# simplifying help

• February 25th 2011, 05:19 PM
maybnxtseasn
simplifying help
i havent taken an algebra class for sometime and im curious...how do i approach at simplifying the following denominator

3/(4x²+5x+1) so i can perform partial fraction integration
• February 25th 2011, 05:29 PM
Sudharaka
Quote:

Originally Posted by maybnxtseasn
i havent taken an algebra class for sometime and im curious...how do i approach at simplifying the following denominator

3/(4x²+5x+1) so i can perform partial fraction integration

Dear maybnxtseasn,

$\dfrac{3}{4x²+5x+1}$

$\dfrac{3}{(4x+1)(x+1)}$

Decomposing this into partial fractions;

$\dfrac{3}{4x²+5x+1}=\dfrac{4}{4x+1}-\dfrac{1}{x+1}$

Hope you can continue with the integration.
• February 25th 2011, 08:06 PM
maybnxtseasn
thanks but im curious as to the steps u use to simplify this?
• February 25th 2011, 08:15 PM
NOX Andrew
Are you asking how he knew $4x^2 + 5x + 1 = (4x + 1)(x + 1)$? If so, one method is as follows:

The product of the coefficients of the first and last terms is $4 x 1 = 4$.
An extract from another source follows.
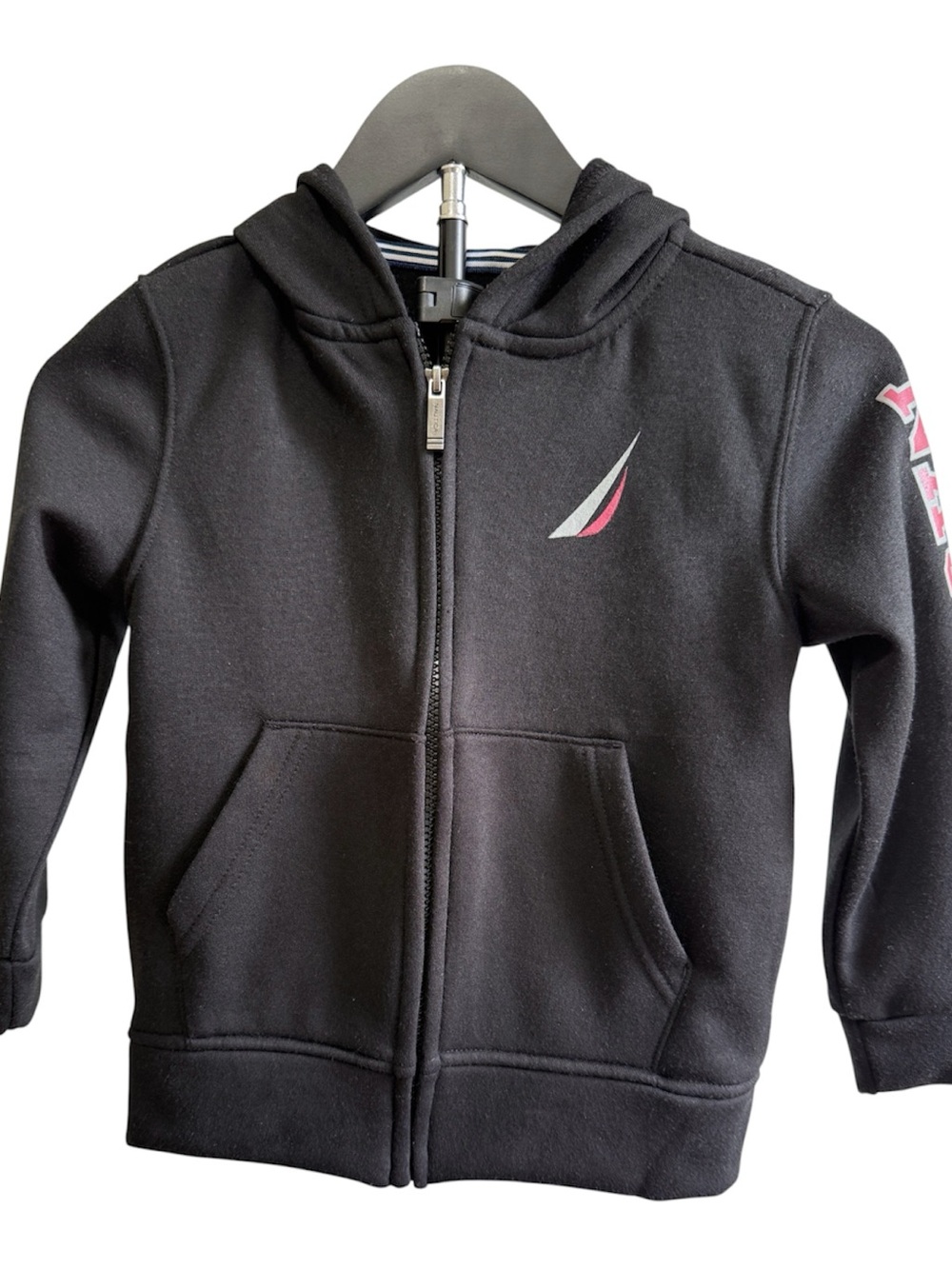 Nautica Black Kids Zip Hoodie with Pink & White Sail Detail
$1$ and $4$ are factors of $4$ (the product from the previous step) and sum to $5$ (the coefficient of the middle term). So, write the middle term, $5x$, as $1x + 4x$: $4x^2 + 1x + 4x + 1$.

Then, group each pair of terms together: $(4x^2 + 1x) + (4x + 1)$.
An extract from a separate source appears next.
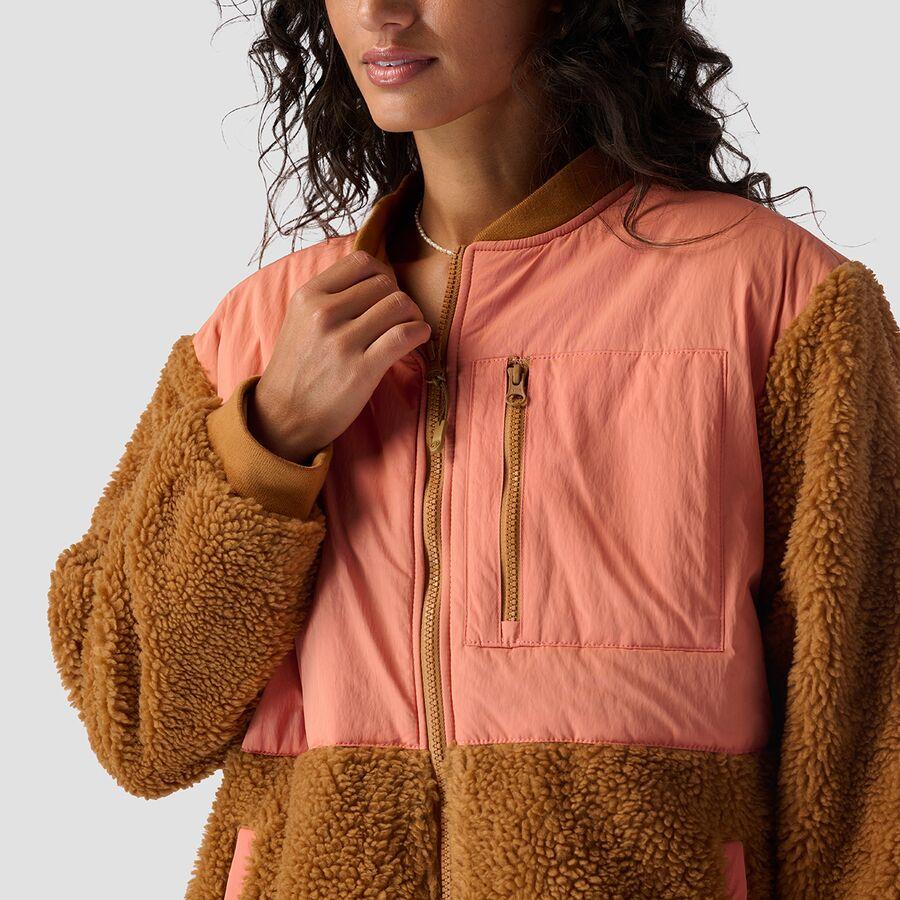 Backcountry Mixed Fabric Fleece Long Coat - Women's Brown Sugar/Tawny Orange/Fired Brick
Perform any factoring on each group of terms: $x(4x + 1) + (4x + 1)$.

Now, factor $(4x + 1)$: $(4x + 1)(x + 1)$.
• February 26th 2011, 04:02 AM
HallsofIvy
Another way to do that (but much more complicated that just factoring directly) is to solve the equation $4x^2+ 5x+ 1= 0$- not by factoring, of course, but by the quadratic formula:
[tex]x= \frac{-5\pm\sqrt{5^2- 4(4)(1)}}{2(4)}= \frac{-5\pm\sqrt{25- 16}}{8}= \frac{-5\pm\sqrt{9}}{8}= \frac{-5\pm3}{8}[tex]
so that $x= -\frac{1}{4}$ and $x= 1$

Now, we can say that [tex]4x^2+ 5x+ 1= 4(x+ \frac{1}{4})(x- 1)= (4x+ 1)(x- 1)[/quote]
(I put the "4" in front to make t he leading coefficient 4.)
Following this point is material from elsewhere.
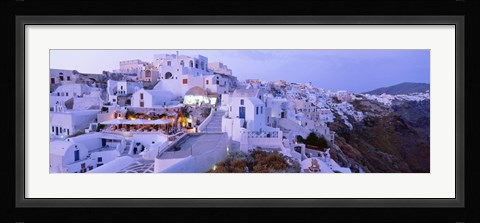 Framed White washed buildings, Santorini, Greece Print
That is, as I said, the hard way!
• February 26th 2011, 06:06 PM
Sudharaka
Quote:

Originally Posted by HallsofIvy
Another way to do that (but much more complicated that just factoring directly) is to solve the equation $4x^2+ 5x+ 1= 0$- not by factoring, of course, but by the quadratic formula:
[tex]x= \frac{-5\pm\sqrt{5^2- 4(4)(1)}}{2(4)}= \frac{-5\pm\sqrt{25- 16}}{8}= \frac{-5\pm\sqrt{9}}{8}= \frac{-5\pm3}{8}[tex]
so that $x= -\frac{1}{4}$ and $x= 1$

Now, we can say that [tex]4x^2+ 5x+ 1= 4(x+ \frac{1}{4})(x- 1)= (4x+ 1)(x- 1)
(I put the "4" in front to make t he leading coefficient 4.)

That is, as I said, the hard way!

Dear HallsofIvy,

You new avatar make some of the text unreadable. I have seen this in your recent post a number of times and I tried the zoom in/out feature in the browser to eliminate the problem. But it was not helpful. Dont know if this is only a problem with my browser but anyhow I have included a screenshot so that you get an idea about how I see your post.